The good thing about heart problems is that is for the most part a "clean" disease. It's not like rickets or some other grody thing. With heart problems for the most part you can even keep your pants on.
The costs do pile up, though, after one heart attack, over a dozen major procedures, and open heart surgery. The amounts paid out on my behalf by Medicare have long since exceeded whatever I paid into the system during my alleged working days. This means somebody else is now making forced disbursements into the kitty to pay the expense of keeping me alive. If you're working, I pick you for the honor of paying for my problems.
A recent non-heart-attack type "event" resulted in three different doctors from varying specialties and one R.N. knowing me eight years all saying, "Sounds like a neurological problem to me". So, I dutifully went to the recommended specialist. Why not? You're paying for it.
The neurologist not knowing what was wrong meant I was going to be doing some tests.
(Have you ever wondered why when they do any medical test that if you say, "it only hurts when I do this" they say, "Don't do that during the test?")
The bills for all these tests have now come in.
There ended up being three MRI's, a MRA, an Angiograph and ECG -- billed at $16,000, more or less. One of these MRI go-arounds put me in the ER and entitled me to one night in the hospital -- little shy of $5,000. Then there were the various doctors -- not quite $2,000. Total amount billed $23,128. There is no way to know what was really paid, given these figures came through government agency paperwork and Medicare doesn't actually pay the full amount. My share was about $50 -- most of which came out of the deductible Lynn's Pharmacy got for my $300/month never ending drug need.
The bills were not for extended hospitalization, not surgery, not life or death; just tests. Whatever the dollars actually paid, one dreads to think what the costs would have been if this was all just part of someone's attempt to keep me alive months on end until the money ran out completely.

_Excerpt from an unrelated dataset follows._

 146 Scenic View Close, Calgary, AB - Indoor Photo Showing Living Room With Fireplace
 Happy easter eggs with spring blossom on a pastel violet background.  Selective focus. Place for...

When I was 10-years-old or so our family doctor explained he could no longer charge each family according to their ability to pay. Because so many were getting health insurance, doctors now had to have set charges. I think that was the day when doctoring became a business.
Now we are seeing a whole lot of changes in billing and insurance and treatment options coming about because of new laws. Can't wait to see how much the costs of living will be going up. And, look forward to finding out who is going provide the "K's" when my costs of living becomes a question dollars.